前穂高岳/北壁/Aフェース

JECC/廣川、風来坊/森、龍鳳/石田


<山行日> 1999年7月31日(土)〜8月1日(日)<記録> 廣川健太郎



7月31日(土)

 上高地から奥又経由V・Wコルまで上がって翌日登攀の 予定であったが、廣川が前夜の飲み会のダメージが大きく 徳沢からパノラマコース沿いの林道を上がる辺り、夏の日 差しは二日酔いには余りにきつく、バテ気味。

 ちょうど分岐で知合いの宮川さん他の京都山岳会パーティ に行き会ったが、奥又の池泊とのこと。知合いも泊まるこ とだし、無理は禁物と池からのアタックに計画を変更。 先が短くなったら、段々銚子が出てきた。

 2週間前の飛び石連休は悪天続きで、4日涸沢に居て滝谷 ドーム中央稜1本で終わったが、今回は天候に恵まれ、二 日酔いには厳しいが最高の夏山。

 のんびりと寛いでいると、入山で前後したSUZUKi山 岳部の方が、古川ルートが崩壊、数日前に登攀した2組が 途中敗退しているとの情報を教えてくれる。 確かに、200mm望遠で除くと、上部で岩がはげている。 古川ならフリーで行けるだろうとアブミを持ってきていなか ったので、Dフェース都立大への転進を考え、デイジーチェ ーンに足掛けのワッカをつけた即席アブミなど作って翌日に 備えることになった。

8月1日(日)

 3時起床、5時前、薄明るくなってから出発。奥又白にト ラバースする踏み跡を四峰の脇に食い込むCルンゼ前後の高 さを目安に辿る。

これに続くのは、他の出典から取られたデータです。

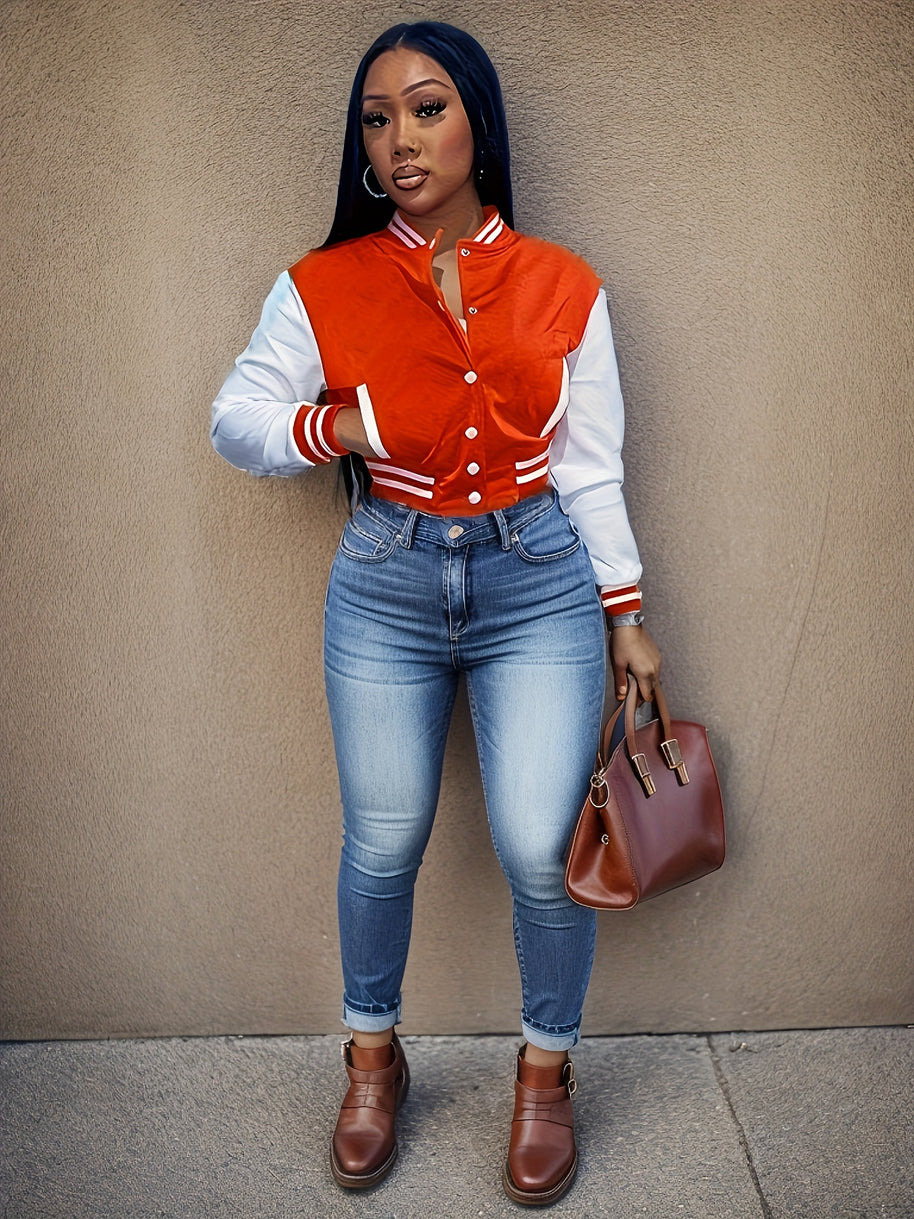 Damen Sportliche Varsity-Jacke mit Kontrastdetails und Knopfleiste WW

 廣川はAKUの軽登山靴にカジタ12本爪の完全武装。森は 秀山荘6本爪。石田がモチヅキ4本爪ですぐに1回転び笑わせ てくれる。

 Cルンゼの雪渓は中途半端な状態。入ってすぐ、四峰正面へ ザレから上がる下の3段10m余りの雪渓で最上段を越えると ころで石田がガンガンステップを切っていたところ、雪渓が崩 壊。ラストで中段にいた廣川が両手の人差し指+αを負傷。左 は切り傷と打撲でかなり痛い。バンドエイド+テーピングで応 急処置。

 どうにか登れる程度だが、人差し指の第一第二関節というか節 を怪我してしまい、人工はきついので、北壁〜Aフェース行き とする。

 SUZUKI山岳部の二人と前後しつつ、C沢を詰め、途中で B沢との中間稜に上がり、反対側に懸垂、更に雪渓を登り、右岩 稜取付きと同程度の高さからB沢へ易しいバンドと岩場を左上ト ラバースで入る。

 Dフェース下、B沢のどんづまりにはやじろべえのような雪渓片 が残っており、あまり良い感じではない。 右岩稜はたしかに上部が崩壊していて、随所に乗っている石や泥 がバラバラと落ちていて、良い状態ではない。

 北壁へはDフェースとの境、バンド状を左に上がり、トラバース していく。ノーザイルで大分登ってそのままコーナーを20mほど 登ってコンタクトラインに入ってしまい、途中から左に悪いトラバ ースをしていわゆる北壁(松高カミン)に戻るが、浮き石だらけで 非常に危ない。

 我々、SUZUKI山岳部に、更に茅ヶ崎山岳会が後続。落石を気 遣いながらの登攀になるが、正規ルートに戻ってからは残置支点も 多く、岩もそこそこすっきりしており、快適に登れる。 特に上部Aフェースは明るく、岩もしっかりしており、ぐいぐいと 登れるが、私は指がいたくて今一つ快適ではない。

 前穂頂上からは三本槍のコル経由で奥又白池に戻るが、ここでも雪 渓が残っている。12本爪の威力は絶大で私は問題はないのだが、 森君がびびってしまい、途中からSUZUKIの方の懸垂に混ぜても らったりで、時間がかかってしまう。

 懸垂の場合は、45m以上のロープのダブルで、A沢は3回、踏替点 からは1回。後はガレから池上の尾根に踏跡の回りのお花畑を堪能して 下る。

 なんやかんやで時間がかかり、上高地は7時25分着。タクシーに間 に合い、8時の釜トンゲート閉鎖前に間に合った。